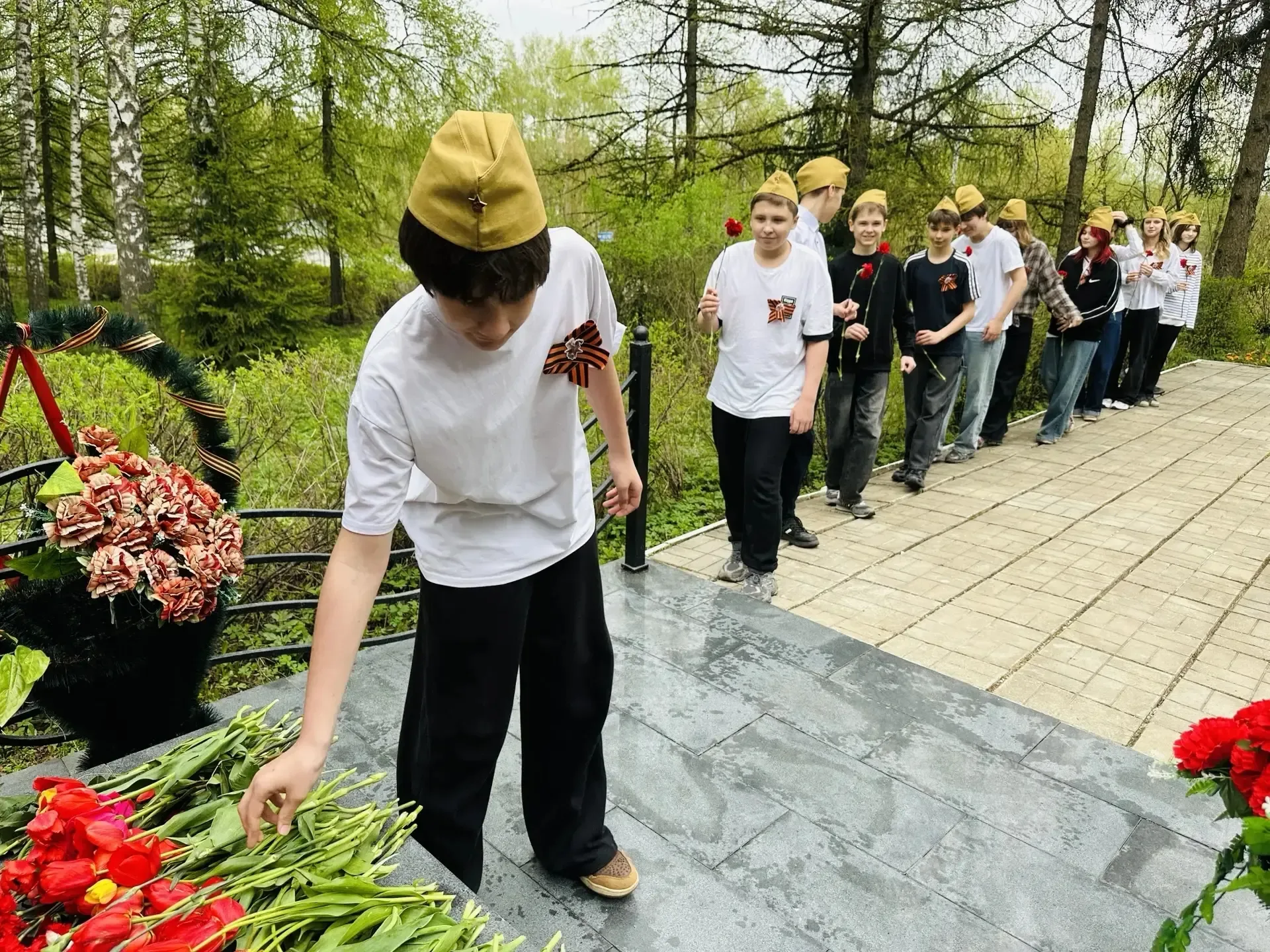 В рамках Марафона «Наследники Победы» учащиеся МБОУ СОШ 21 приняли участие в акции «Я помню» и торже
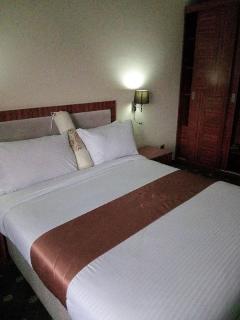 Kenenisa Evertt Hotel - 1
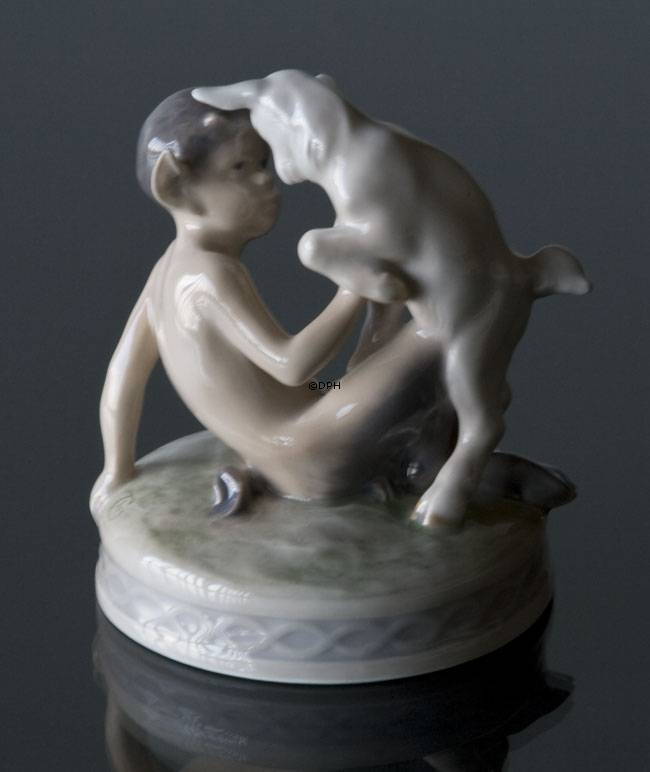 Faun med ged, Royal Copenhagen figur nr. 498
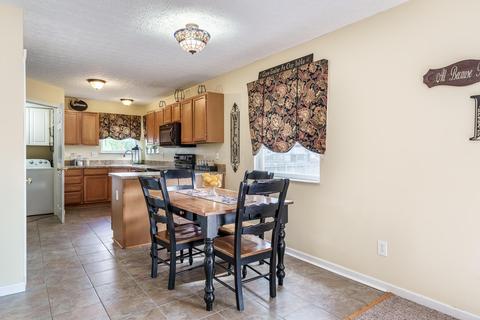 818 Buehler Dr, Delaware, OH 43015 photo 9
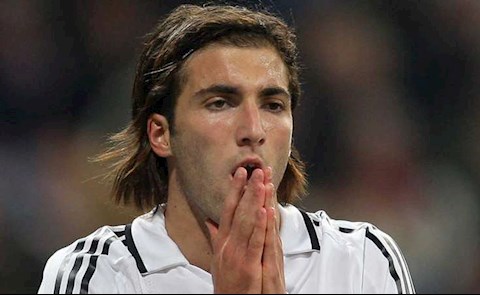Higuain chưa hết ấm ức vì bị Real Madrid phụ bạc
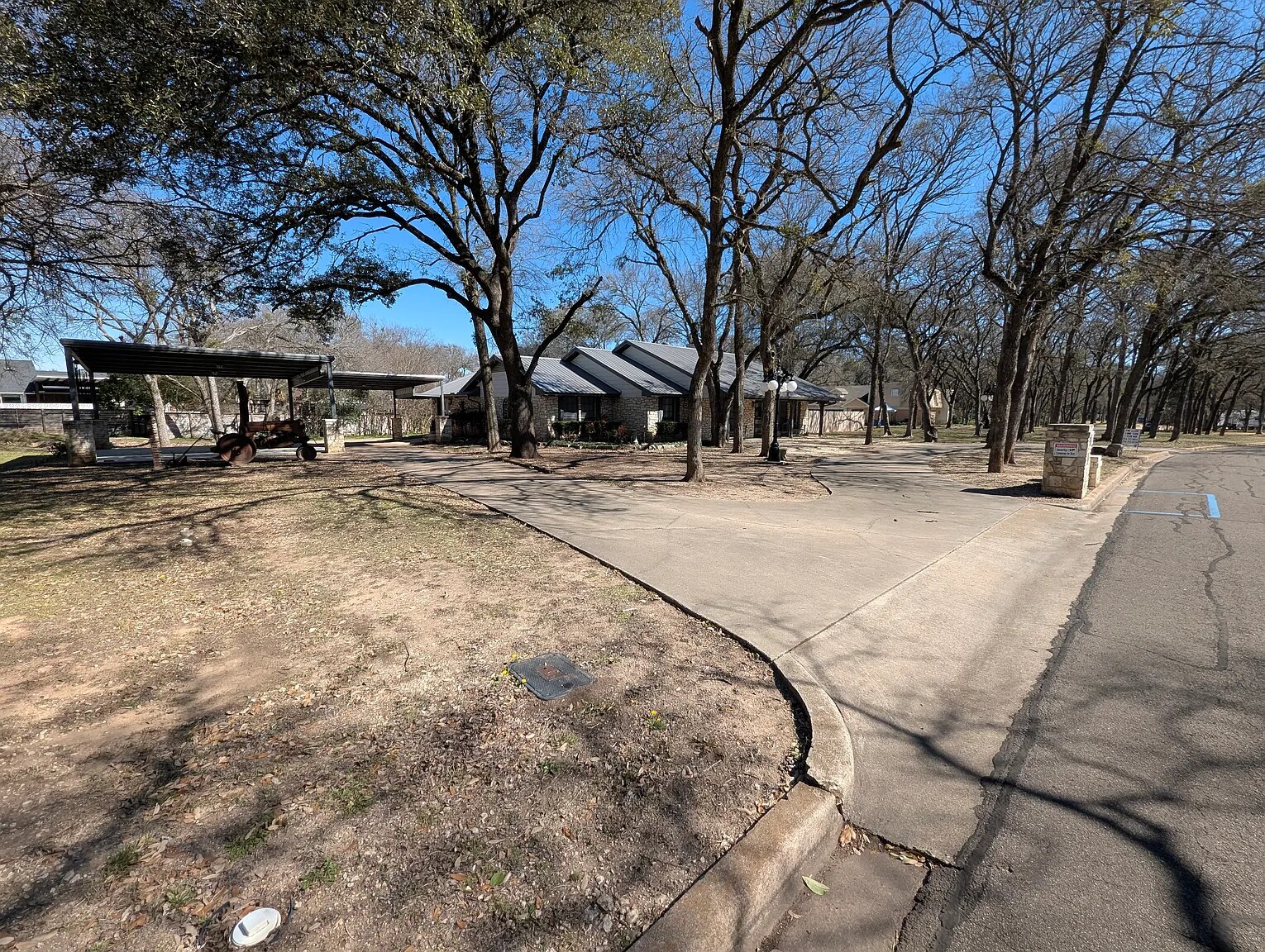 Building Photo - 273 Leafy Hollow Ln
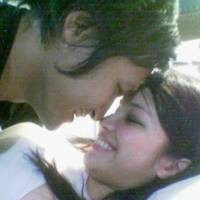 Ari Untung Mesra dengan Gadis Berpipi Menor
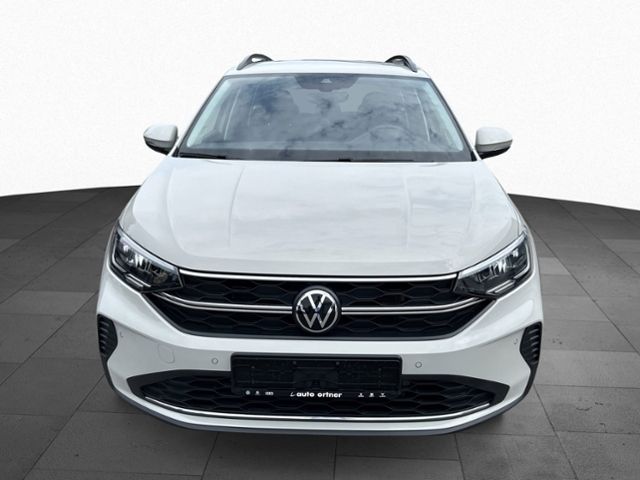 Fahrzeugabbildung Volkswagen Taigo 1,5 TSI DSG LIFE IQDRIVE AHK NAVI KEYLESS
###
**Assignment**. The copy must start at the line containing "818 Buehler Dr, Delaware, OH 43015 photo 9" and stop at the last line of the listing, both included, with every line exact and no pictures.

**Solution to this problem**.
 818 Buehler Dr, Delaware, OH 43015 photo 9
Higuain chưa hết ấm ức vì bị Real Madrid phụ bạc
 Building Photo - 273 Leafy Hollow Ln
 Ari Untung Mesra dengan Gadis Berpipi Menor
 Fahrzeugabbildung Volkswagen Taigo 1,5 TSI DSG LIFE IQDRIVE AHK NAVI KEYLESS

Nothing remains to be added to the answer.